For future reference what I try to do when I comment on a module that I feel could be improved is address each item in a respectful way and offer a patch if that makes sense or at least a specific suggestion. For example:

"The code is crap, its not strict or warnings safe and is hard to read."

while that may be 100% true this is a more prodcutive way:

"The code format is difficult to follow since there is no whitespace an dthe variable names are all ambiguous and is not strict or warnings safe. I'd recommend adding use strict; and use warnings; and apply some perl best practice principles to it. Attached is a version I ran through perltidy with these settings: .... I also added strict and warnings but that breaks test 'xyz' and 'def' so that issue will still need addressed.

Can you see how much more productive that way is?

> Definitely *not* cryptographically secure.

Care to share what specifically that statement is based on and how it might be corrected?

My statement is based on info in perldoc, specifically this (and the part quoted further down):

perdoc -f srand:

Most programs won't even call srand() at all, except those that

need a cryptographically-strong starting point rather than the

generally acceptable default, which is based on time of day,

process ID, and memory allocation, or the /dev/urandom device,

if available.

I'll qualify that by changing 'cryptographically strong' to 'cryptographically-strong starting point' to be more clear. and otherwise make that point clearer where possible. Thanks.

I did just now notice that I forgot to add the tests for the 3 functions to the MANIFEST so they are not included. They include 37 tests to how it functions with different args as per the pod and 10,000 tests for actual randomness reliability. Perhaps that will help address your concerns as well.

> Uses one call to rand() (typically 15 bits of "randomness" but even that's questionable), the process id and the time of day to seed an array,

no, its to seed rand() ( IE srand() ) and has nothing to do with any arrays...

Again from perdoc -f srand :

Note that you need something much more random than the default

seed for cryptographic purposes.

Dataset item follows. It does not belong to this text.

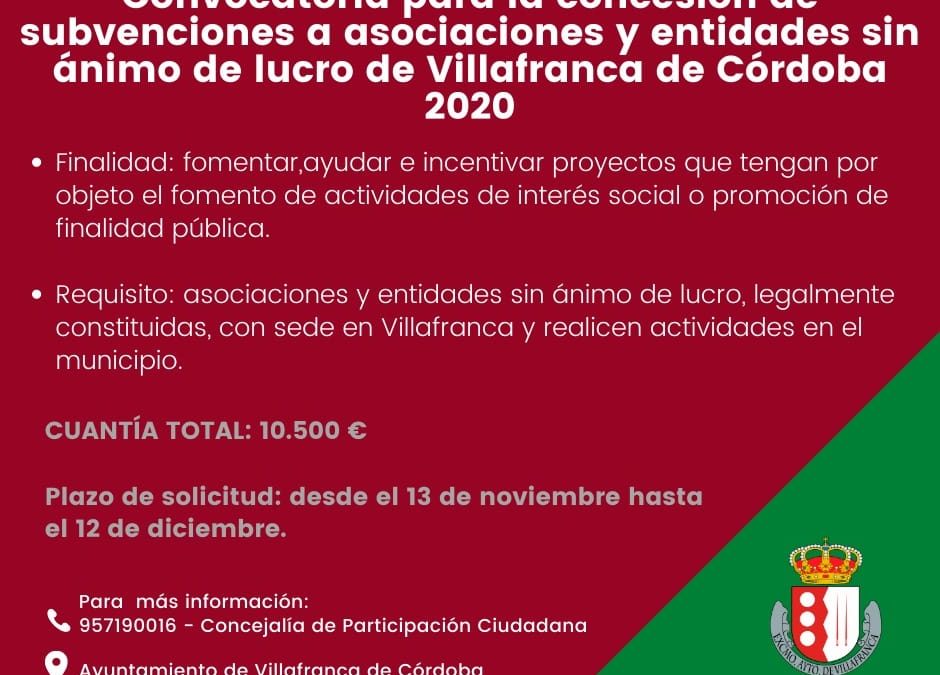 Convocatoria de subvenciones para asociaciones y entidades sin ánimo de lucro de Villafranca 2020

Checksumming the compressed

output of one or more rapidly changing operating system status

programs is the usual method. For example:

srand (time ^ $$ ^ unpack "%L*", `ps axww | gzip`);

If you're particularly concerned with this, see the "Math::Tru-

lyRandom" module in CPAN.

Which is why the POD says:

A few examples in line with srand perldoc:

sub { return unpack '%L*', `ps axww | gzip` }


Additionally, this is what 'SEEDING RANDOM GENERATOR' describes and the the 'srand_seeder_coderef' and 'use_time_hires' keys are for.

Again, more indication of the need to RTFM and do it as per your needs will be included so as to avoid misconcetpion and ambiguity.

> and then shuffles that around to generate chars.

It does not shuffle the srand args it shuffles the list of items to use tobuild the random data out of. This adds a number of rand() calls (see shuffle() source) and adds to its effectiveness because not only do they have to figure out that the randomdate was indexes 9 2 and 5 the data at said indexes will be different as well.

> Not efficient, either.

What benchmark results are you basing that comment on? Please elaborate so I can benchmark improvements. If its a guess or opinion leave them out of comments or at least qualify the statements.

> If you want real random data read it from /dev/random, use an openssl binding, use the entropy gathering daemon, or something like that.

Exactly the point of the statement 'If a random int between 0 and 999,999,999,999,999 is not what you want for that part of the calulation, feel free to change it via the hashref argument described above.' If you want to privced coderef example of a 'real random data' producing srand_seeder_coderef I'd be happy to review and add to the docs as examples.

> Cryptographically secure algorithms

This is not an algorithm, neither does it claim to be such.

> should be designed by cryptographers, and much more importantly rigorously reviewed by cryptographers before making such claims.

Feedback is welcome, I'm happy to improve it with clearer info / better code but so far your feedback is very unhelpful.